Why void() redefines a function in C++?

Question

Given this function:

int f() {return 10;}

void(f()) defines a void f() and doesn't compile with the following error:

'void f(void)': overloaded function differs only by return type from 'int f(void)'

While if a call expression is used, the code compiles:

void(f(void());

Why is this?

I'm using Microsoft VC++

Answer 1

Both the constructions

void(f());

and

void(f(void());

declare functions with the name f. You may enclose declarators in parentheses.

For example your first function could be declared like

int( f() )
{
    return 10;
}

The first construction declares a function that has the return type void and no arguments. So it differs from your first function declaration only by the return type. As result the compiler issues the error message because you may not overload functions that differ only by their return types.

The second construction declares a function that has as its parameter a function of the type void(). So it differs from your first function declaration by the number and type of parameters.
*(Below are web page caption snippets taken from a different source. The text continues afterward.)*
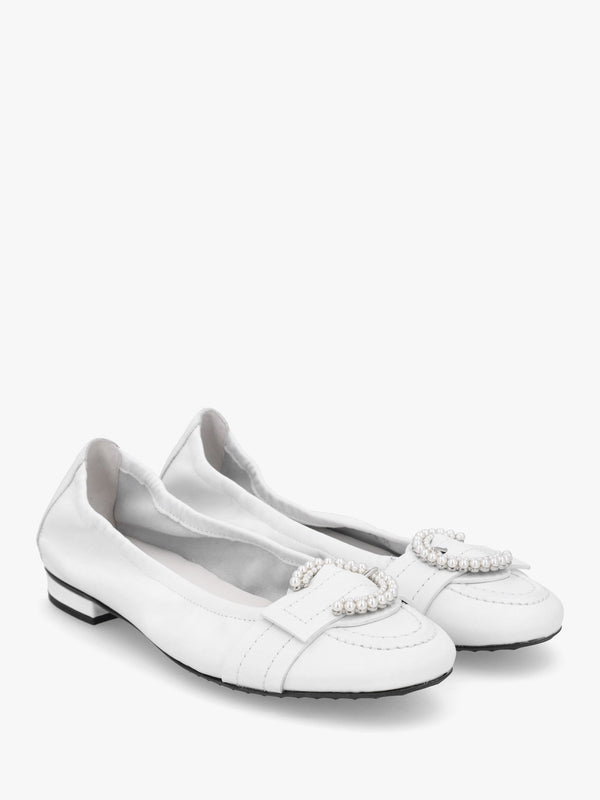Malu Pearl Bianco Leather Ballet Pumps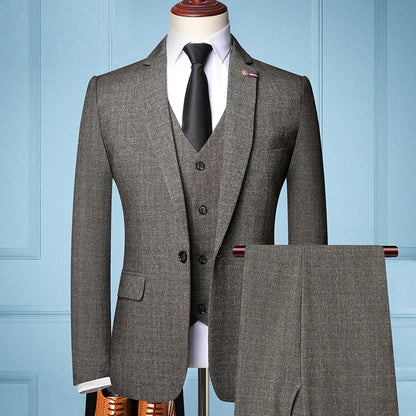 Traje de Hombre Elegante – 3-Piece Slim Fit Suit (Blazer + Vest + Pants) | Men’s Business & Wedding Suit 6XL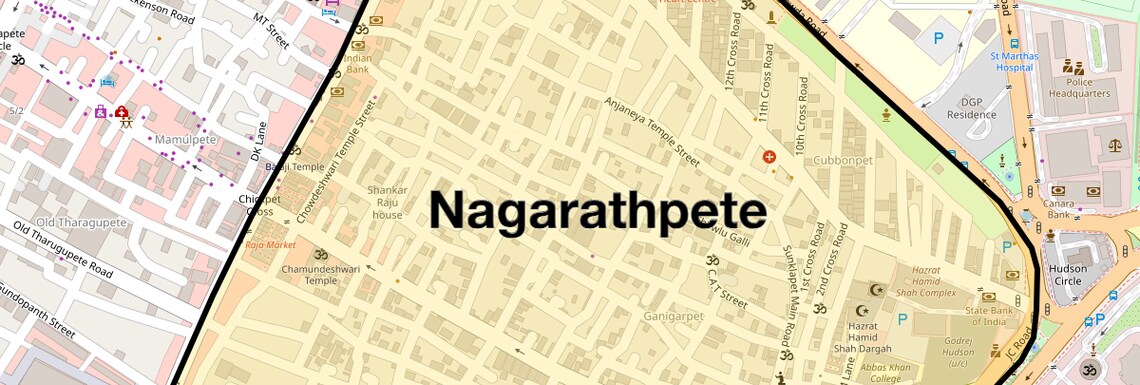 Location Map of Nagarathpete, Bangalore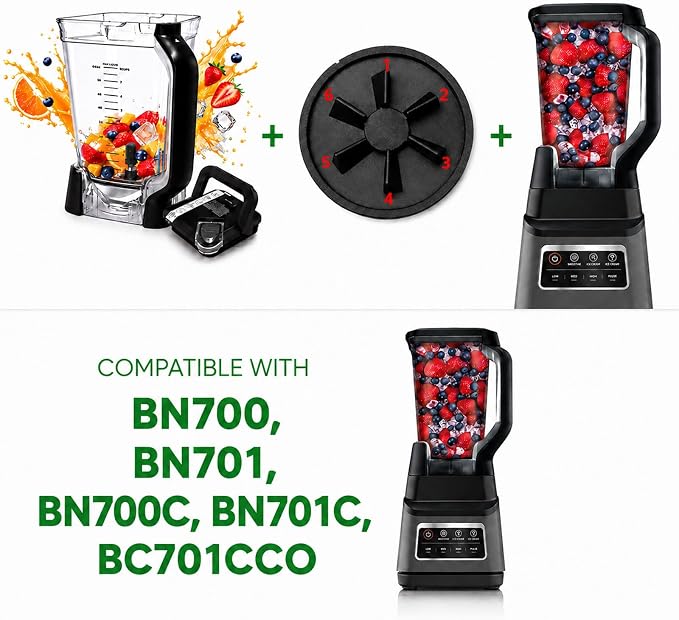 72oz XL Replacement Blender Pitcher for Ninja BN701 & BN700, 6-Fin | Fits for NinjaBN700, BN701, BN700C, BN701C.72oz crushing pitcher.BPA-free, dishwasher safe. Heavy-duty 6-fin base.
So such an overloaded function declaration is valid.

Here is a demonstration program.

#include <iostream>

int f();
void ( f( void() ) );

int f()
{
    return 10;
}

void ( f( void g() ) )
{
    g();
}

void h()
{
    std::cout << "Hello, function declarations!\n";
}

int main() 
{
    f( h );
}

Its output is

Hello, function declarations!

If you want just to cast the result of the function call to void you can write for example

( void )f();

Answer 2

Sometimes you need parenthesis in a declaration, for example to tell the difference between these:

int* f();     // function returning a pointer to int
int (*f)();   // pointer to function returning an int

Nobody has cared enough to set up the rules of exactly when the set of parenthesis is strictly needed, so the language just says that they are allowed. Even in places where they are not needed.

So, you can write int* f(); or int* (f)(); or int* (f()); or int* ((( f() )));, they all mean the same.

And, according to this, your void(f()); is the same as void (f()); and the same as void f();. It declares a function, but doesn't call it.